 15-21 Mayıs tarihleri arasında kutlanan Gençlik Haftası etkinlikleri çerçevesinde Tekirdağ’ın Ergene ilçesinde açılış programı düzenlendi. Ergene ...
--
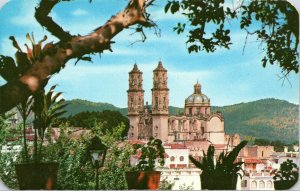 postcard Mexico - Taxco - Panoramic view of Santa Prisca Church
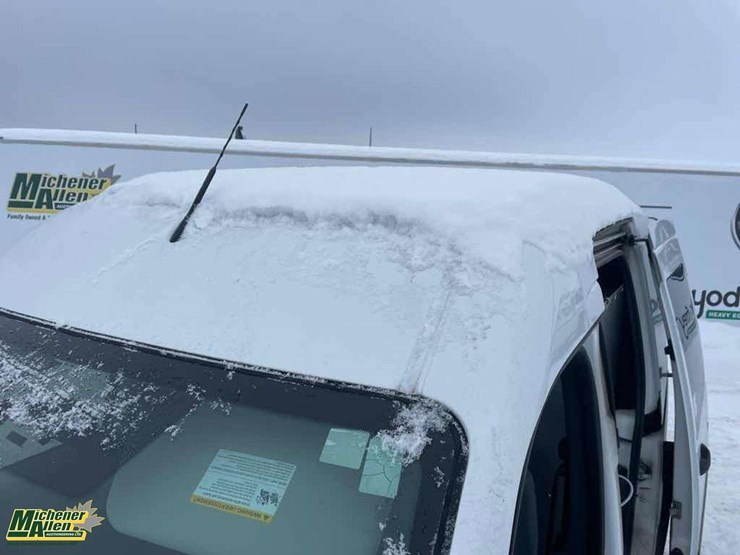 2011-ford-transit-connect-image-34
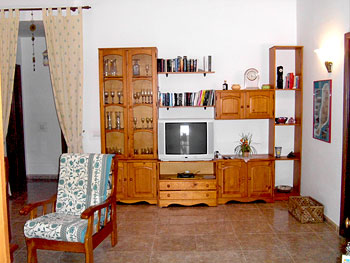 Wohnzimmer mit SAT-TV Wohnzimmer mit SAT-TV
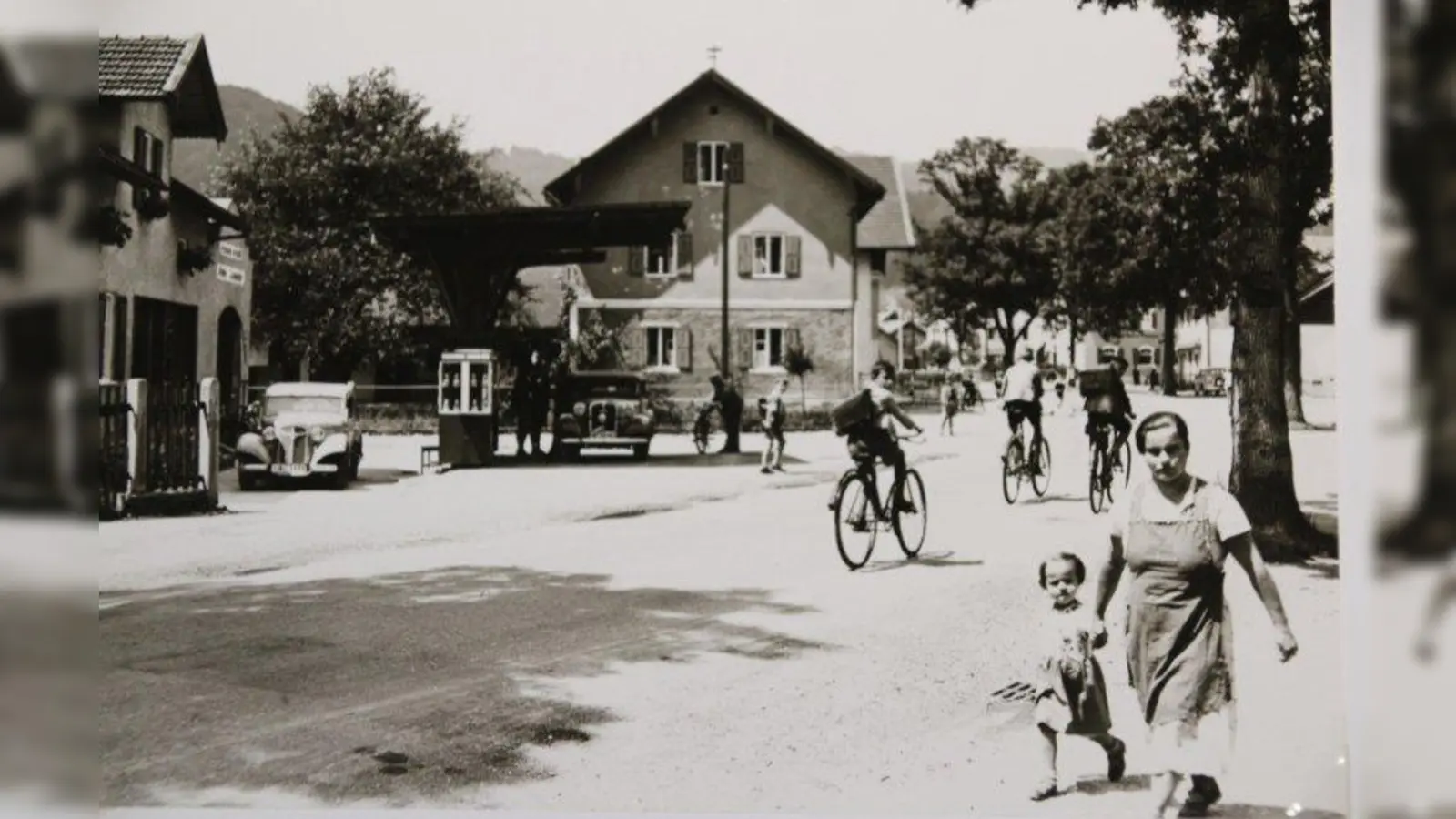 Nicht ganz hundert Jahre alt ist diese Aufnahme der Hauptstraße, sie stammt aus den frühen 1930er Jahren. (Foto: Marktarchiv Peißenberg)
--
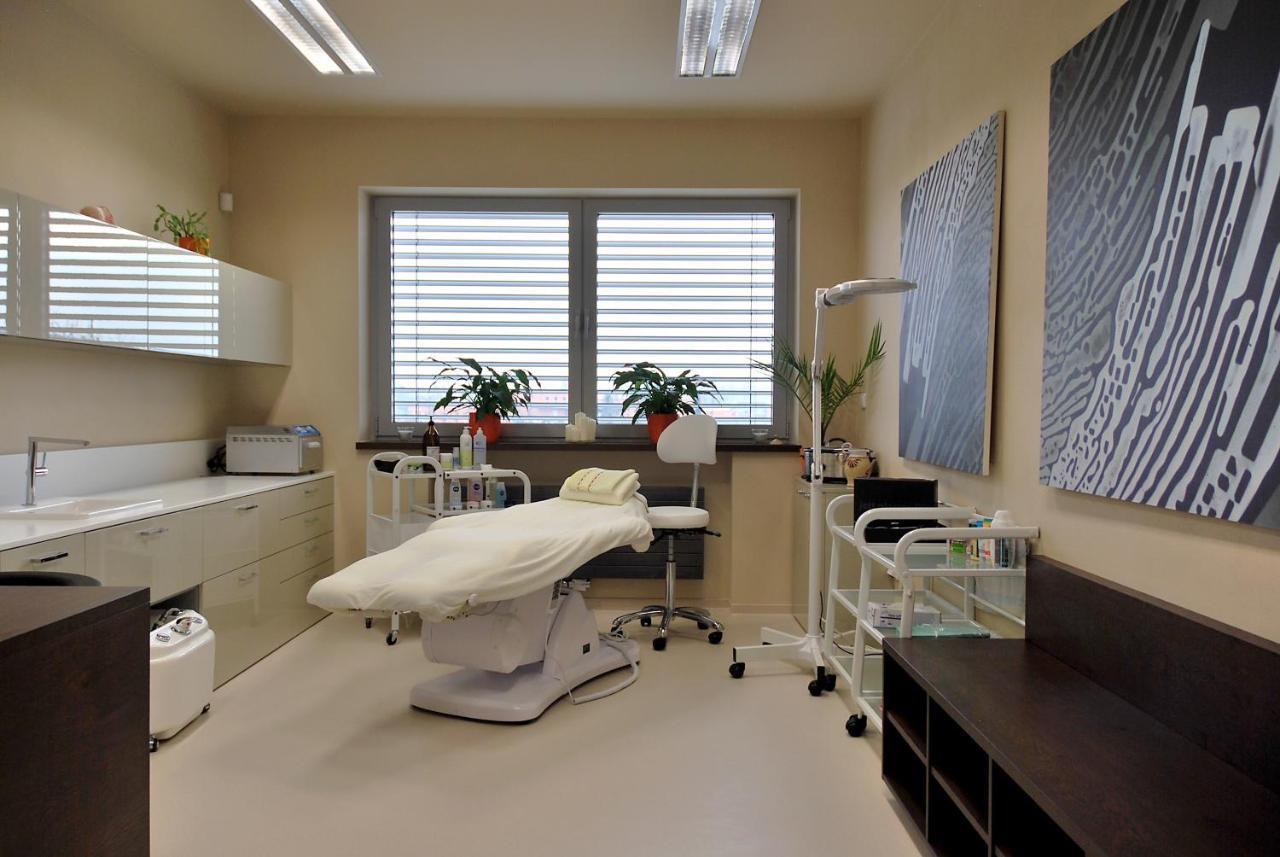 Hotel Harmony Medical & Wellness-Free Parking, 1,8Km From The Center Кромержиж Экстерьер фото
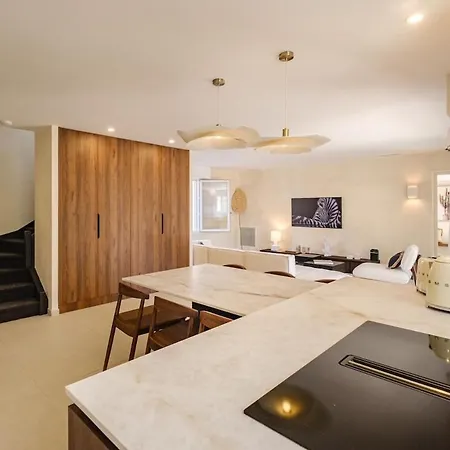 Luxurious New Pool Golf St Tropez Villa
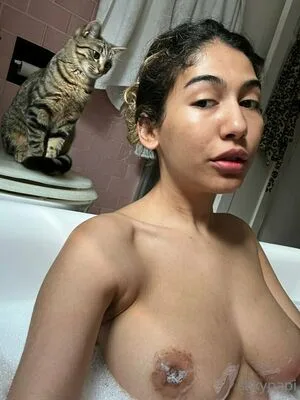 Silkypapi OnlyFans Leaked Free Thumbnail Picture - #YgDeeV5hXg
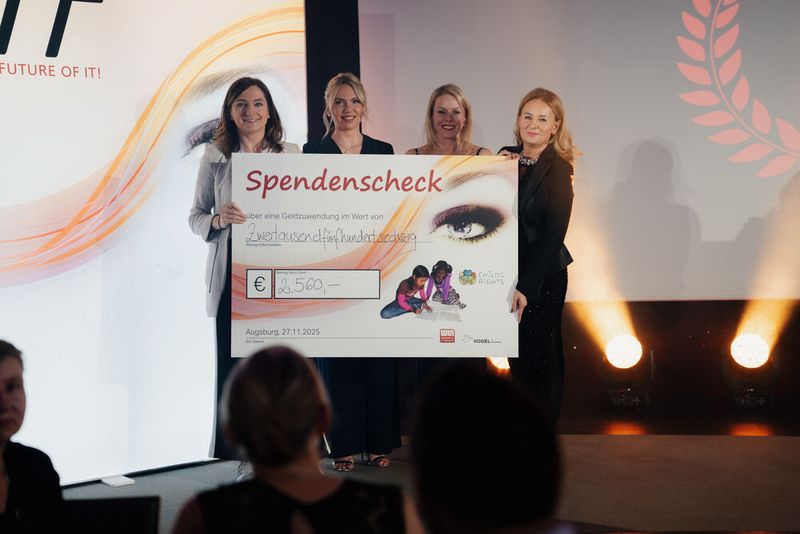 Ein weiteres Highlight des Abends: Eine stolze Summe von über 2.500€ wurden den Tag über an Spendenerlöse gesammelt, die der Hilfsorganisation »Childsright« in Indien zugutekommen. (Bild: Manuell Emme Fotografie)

• **DESCRIPTION OF THE TASK**
Above are records with pictures. Reproduce exactly only the lines from the line with "Hotel Harmony Medical" through the line with "Silkypapi OnlyFans Leaked", both ends included, and leave the pictures out.

• **WRITTEN REPLY**
 Hotel Harmony Medical & Wellness-Free Parking, 1,8Km From The Center Кромержиж Экстерьер фото
 Luxurious New Pool Golf St Tropez Villa
 Silkypapi OnlyFans Leaked Free Thumbnail Picture - #YgDeeV5hXg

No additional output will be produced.